My cuisine is a mountain cuisine, made of intense flavors, preparations and cooking that do not distort the organoleptic properties of the products used, plants, flowers and scents offered by nature, harvested personally in the short time that the high altitude growing season offers. A kitchen of ancient recipes, with a touch of creativity.
“Valsesianizzare l’invalsesianizzabile” è un concetto che applico a queste ricette, della mamma, della nonna e di tutte quelle persone che hanno ispirato la mia passione e costruito la mia formazione. Una cucina di montagna, contaminata con ingredienti esotici, tecniche moderne, ricette e preparazioni di altre culture gastronomiche tradizionali.
“Valsesianizzare l’invalsesianizzabile” is a concept that means to transform what cannot be valsesian into something that is. I apply to these recipes, of mom, grandmother and all those people who inspired my passion and built my training. A mountain cuisine, contaminated with exotic ingredients, modern techniques, recipes and preparations of other traditional gastronomic cultures.
L’obiettivo è la sorpresa! The goal is surprise!
IL RUGACC
Piatto valsesiano tipico delle popolazioni walser, piatto forte della mamma. Lei lo prepara come una grossa frittata di patate, polenta, cipolle e toma. Io lo vedo così: crema di polenta, salsa di cipolle alla brace, millefoglie di patate, quenelles di purea arrostita, spuma di toma, chips di polenta e di cipolle e una spruzzata di tartufo nero.

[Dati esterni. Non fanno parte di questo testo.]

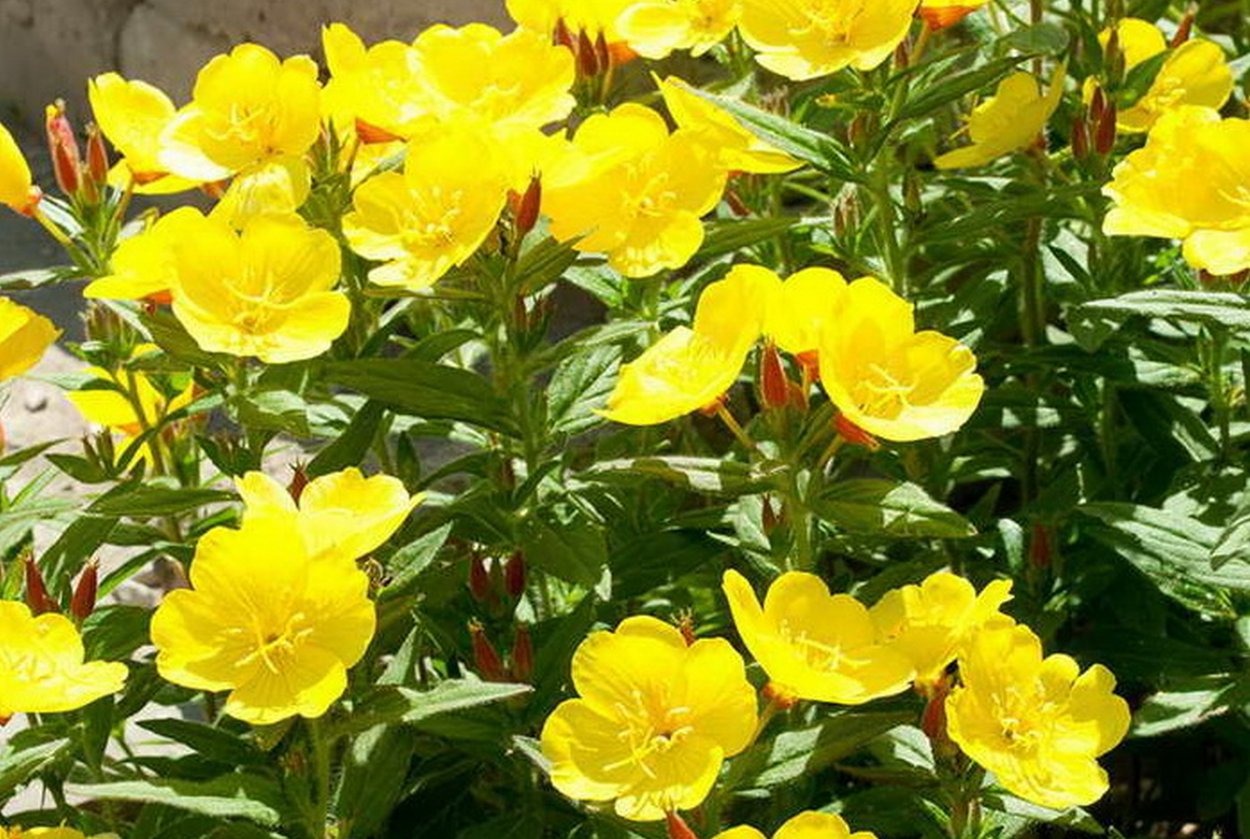 Энотера миссурийская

Walser dish typical of the Walser populations, main dish of the mother. She prepares it like a big omelet of potatoes, polenta, onions and toma. I see it like this: cream of polenta, grilled onion sauce, potato croutons, quenelles of roast purée, mousse de toma, chips of polenta and onions and a splash of black truffle.


IL CAPUNET di tonno rosso
Marinato allo zenzero e soia, caponata siciliana, trippa croccante e salsa bisque al carbone vegetale. Il capunet è un altra leccornia di montagna, che preparava la zia Irma nelle braci del focolare in alpeggio. Un involtino di foglie di “lavasse”, il rabarbaro selvatico, ripieno di tutto quello che c’era disponibile.
Marinated with ginger and soy, Sicilian caponata, crispy tripe and charcoal bisque sauce. The capunet is another mountain delicacy, which aunt Irma prepared in the embers of the alpine hearth. A roll of “lavasse” leaves, the wild rhubarb, filled with everything that was available.
IL CAPUNET di salmerino
Piatto che racchiude tutta la “valsesianità”: un involtino di salmerino marinato alla “saleggia”, il timo di montagna. Avvolto in un foglio di alga nori e scottato nel burro d’alpeggio, servito con “patati masarai”, chips di cime di rapa e salsa al nero di seppia.
Dish that contains all the “valsesianità”: a roulade of coalfish marinated in the “saleggia”, the mountain thyme. Wrapped in a sheet of nori seaweed and scalded in alpine butter, served with “patati masarai”, turnip tops chips and squid sauce.